If it is any consolation, there will be some “exemptions” for “vulnerable groups”, as well as for some New Zealand citizens with children in their care.
To the concerns of migrant Australians, from now, those bringing relatives over to Australia on a family visa will also need to guarantee their financial independence for three years.
“The government is just catching-up with the ‘new migrant culture’ as many family visitors to Australia have left Australia after taking their world class treatment without paying their bills. And the health system is left chasing their next of kin – who stating the obvious ‘refuse to take any responsibility’ and dodge phone calls or other modes of communication”, says John Southgate, a retired elderly analyst of migrant background.
On the other hand, Chandra Kumar’s mother was refused visa without full medical insurance being bought and she was unhappy; she had to buy cover for her mother to travel to Australia.
“If my mom falls ill and has to use Australian hospitals, what difference would it make to such a prosperous country like Australia? I came here more than a year ago and has been working all the time, paying my taxes…”.
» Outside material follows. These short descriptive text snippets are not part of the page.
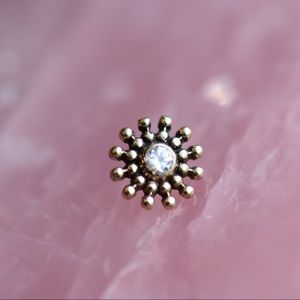 Sacred Symbols Jewelry - Sacred Symbols YG Burst with White Swarovski Sacred Symbols Jewelry - Sacred Symbols YG Burst with White Swarovski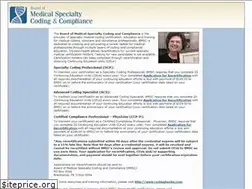 Sites similar to medicalspecialtycoding.com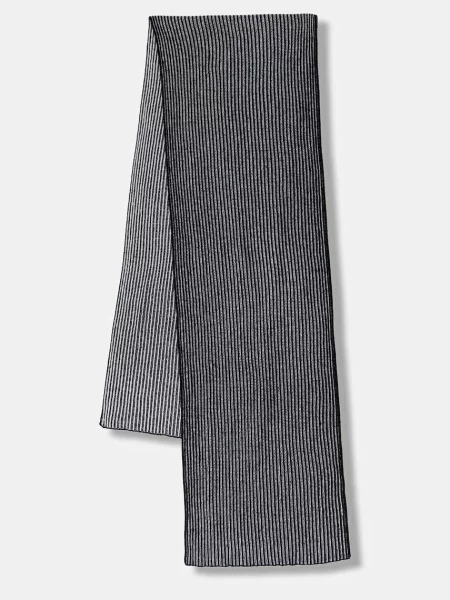 Šal s primesjo volne Sisley siva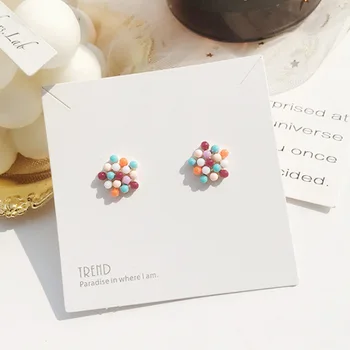 S925 Needles South Korea Color Small Bead Ear Stud Simple Small Candy-Colored Short Elegant Versatile Ear Stud Wholesale
S925 Needles South Korea Color Small Bead Ear Stud Simple Small Candy-Colored Short Elegant Versatile Ear Stud Wholesale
But the government is not buying this ‘generosity’ line. Instead, prudent economics and what the Australian electorate expects it to do is what guide its policy. No wonder Social Services Minister Christian Porter suspects many people would be surprised to learn migrants could access some family and parental payments immediately after arriving in Australia.
“Australians’ expectation of newly-arrived migrants is that they contribute socially and economically for a reasonable period before having access to our nation’s generous welfare system,” Mr Porter said.
Interestingly, continuing to push the ‘self-sufficiency’ line throughout Australian society, the government has still kept money allocated for the controversial plan to drug test welfare recipients, despite the trials being put on the back burner.
Finance Minister Mathias Cormann confirmed the controversial drug testing regime was still coalition policy.
“We remain committed to it and we continue to work with all non-government senators in order to a secure majority (support) for what is a very, very important welfare reform measure”.
Roughly 50,000 families and 30,000 others receiving Centrelink benefits are expected to come under the scanner by the time the scheme is fully implemented in 2020-21.
For the newly arriving migrants, from July 2018, provided the legislation passes through the parliament, they will be waiting three years before they become entitled to access welfare system.
And to end on a heartening note for newly arriving migrants, should they be buying a house sooner than three years, they should be able to benefit from the Government’s measures allowing the first home buyers to save for a deposit inside superannuation through the First Home Super Saver Scheme. Amen!